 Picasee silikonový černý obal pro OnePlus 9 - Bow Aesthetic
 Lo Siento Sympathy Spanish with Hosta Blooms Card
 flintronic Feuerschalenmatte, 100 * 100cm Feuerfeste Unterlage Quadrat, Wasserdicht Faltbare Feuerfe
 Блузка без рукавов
##########
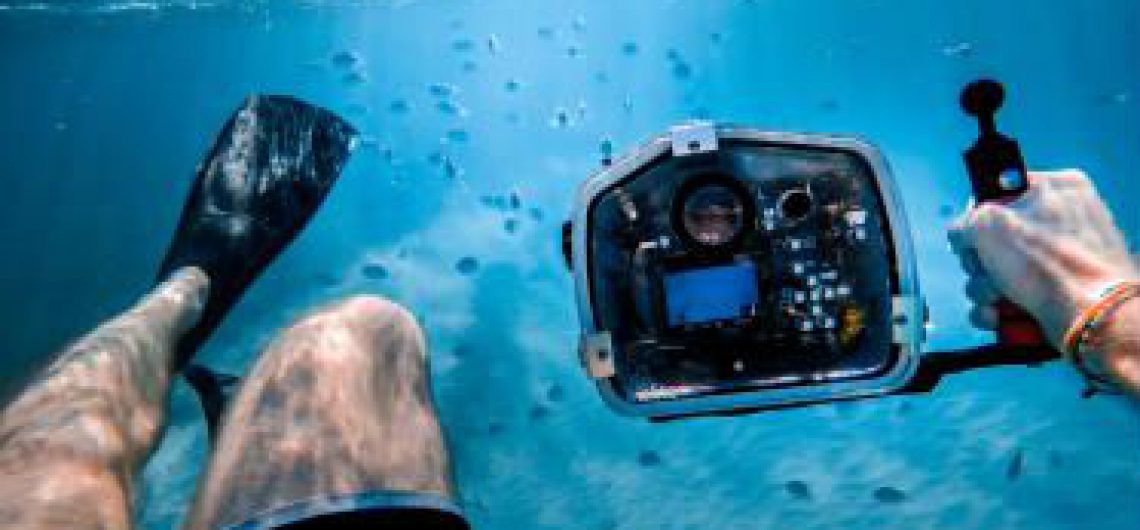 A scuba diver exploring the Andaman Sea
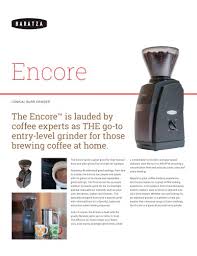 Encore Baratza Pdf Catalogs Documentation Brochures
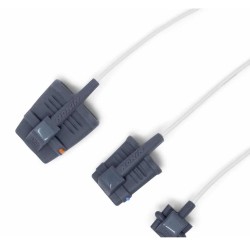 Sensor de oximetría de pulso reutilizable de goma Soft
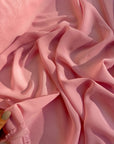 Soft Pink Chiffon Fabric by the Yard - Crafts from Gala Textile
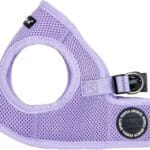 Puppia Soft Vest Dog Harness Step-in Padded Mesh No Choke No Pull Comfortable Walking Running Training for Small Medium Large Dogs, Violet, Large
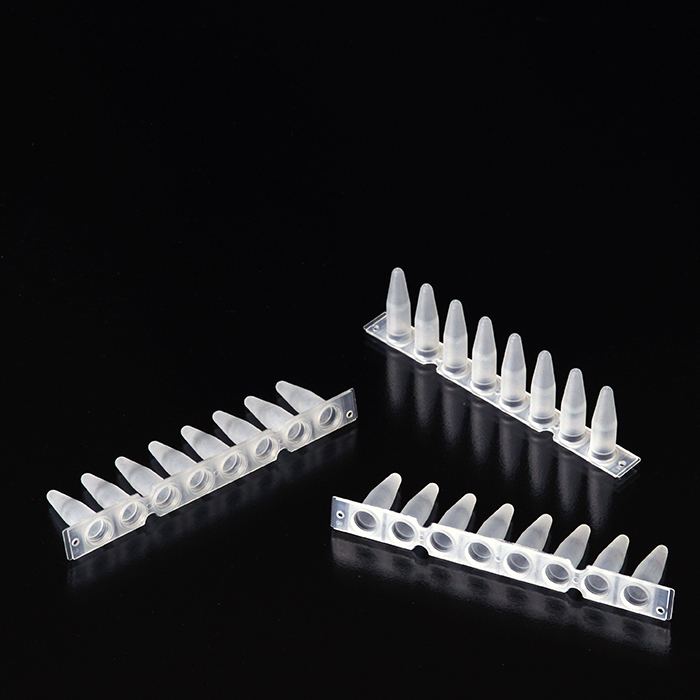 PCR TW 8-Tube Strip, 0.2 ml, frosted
##########
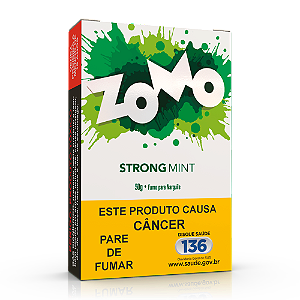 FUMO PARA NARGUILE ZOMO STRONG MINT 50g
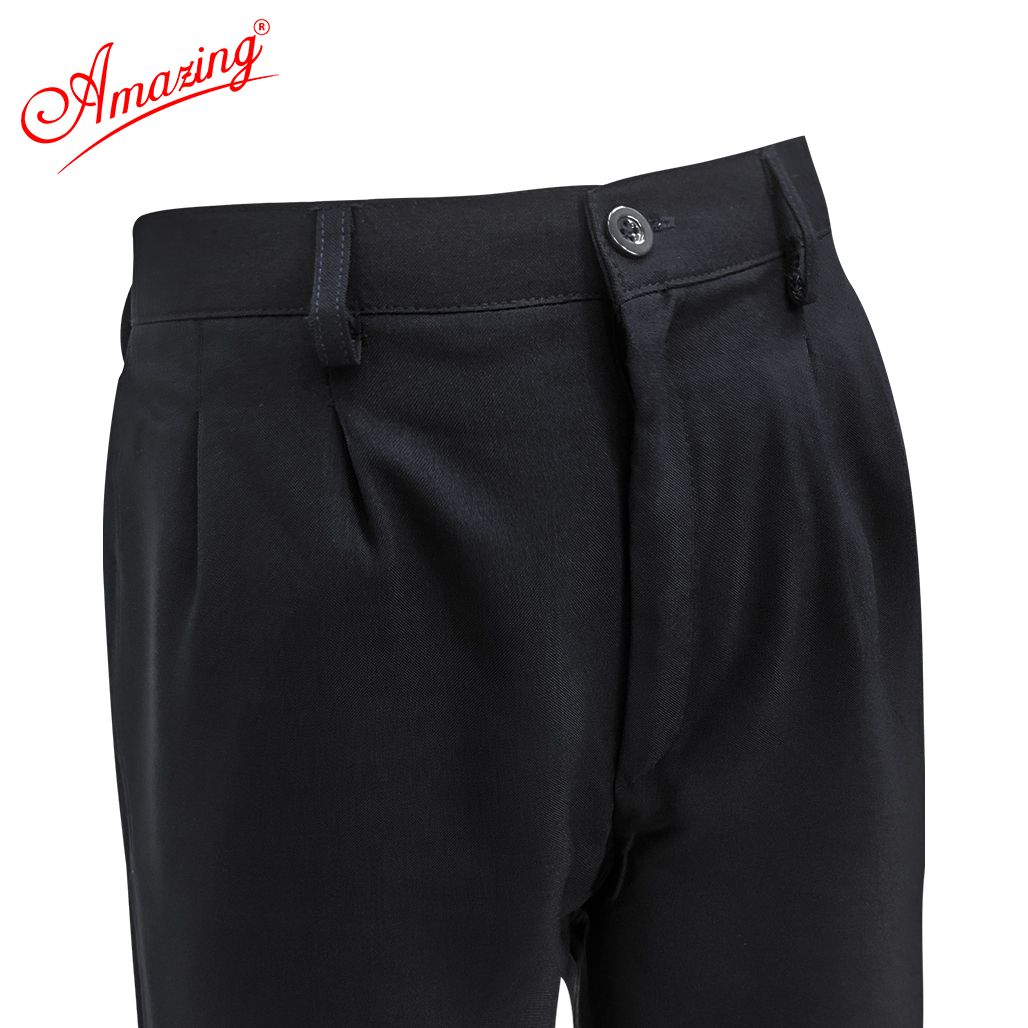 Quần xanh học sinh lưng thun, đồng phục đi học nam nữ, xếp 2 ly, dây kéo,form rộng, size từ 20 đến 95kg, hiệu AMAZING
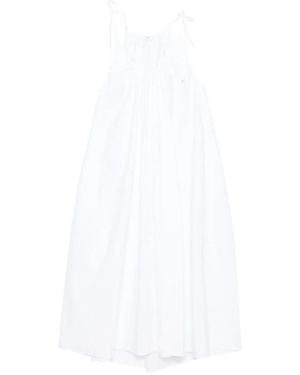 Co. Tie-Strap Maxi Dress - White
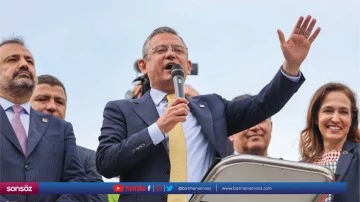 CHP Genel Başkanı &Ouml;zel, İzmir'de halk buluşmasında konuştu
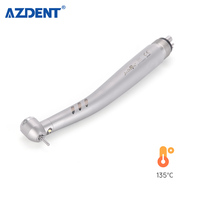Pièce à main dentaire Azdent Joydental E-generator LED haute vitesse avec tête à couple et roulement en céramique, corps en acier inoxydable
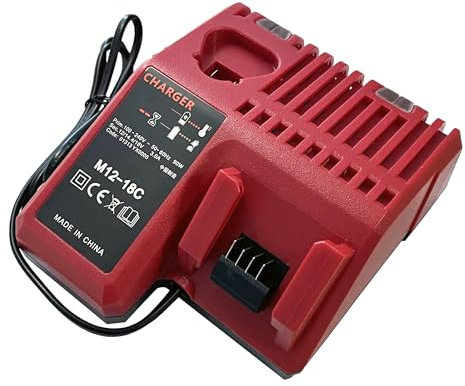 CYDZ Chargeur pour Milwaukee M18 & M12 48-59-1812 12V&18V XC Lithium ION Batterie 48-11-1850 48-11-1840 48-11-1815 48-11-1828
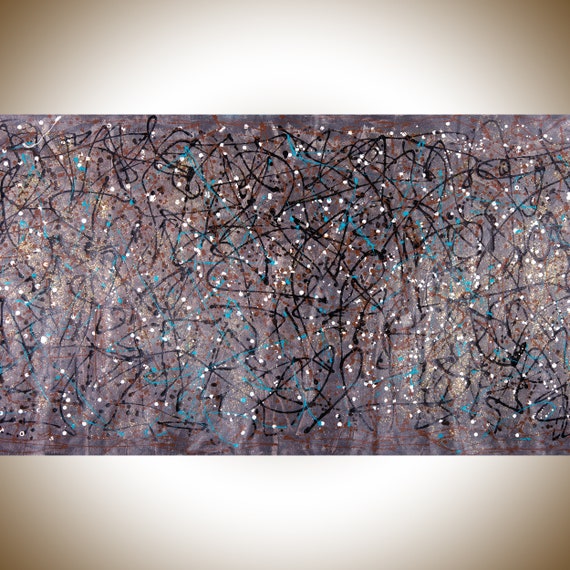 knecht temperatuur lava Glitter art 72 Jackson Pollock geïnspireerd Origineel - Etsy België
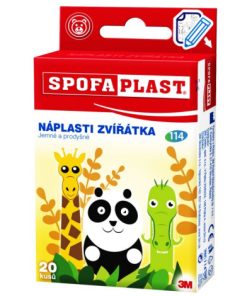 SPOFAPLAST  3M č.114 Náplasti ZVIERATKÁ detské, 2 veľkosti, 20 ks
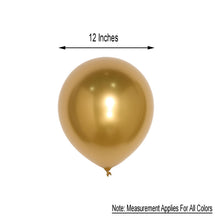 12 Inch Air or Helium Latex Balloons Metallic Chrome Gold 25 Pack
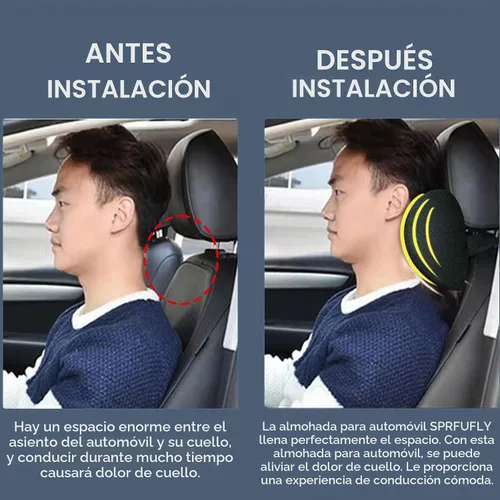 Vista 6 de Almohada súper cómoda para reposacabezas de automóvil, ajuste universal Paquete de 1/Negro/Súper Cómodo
##########
* _ASSIGNED TASK_
Give the exact lines, and only those, from the line containing "Picasee silikonový černý" through the line containing "Блузка без рукавов" in the entries above.

* _SOLUTION_
 Picasee silikonový černý obal pro OnePlus 9 - Bow Aesthetic
 Lo Siento Sympathy Spanish with Hosta Blooms Card
 flintronic Feuerschalenmatte, 100 * 100cm Feuerfeste Unterlage Quadrat, Wasserdicht Faltbare Feuerfe
 Блузка без рукавов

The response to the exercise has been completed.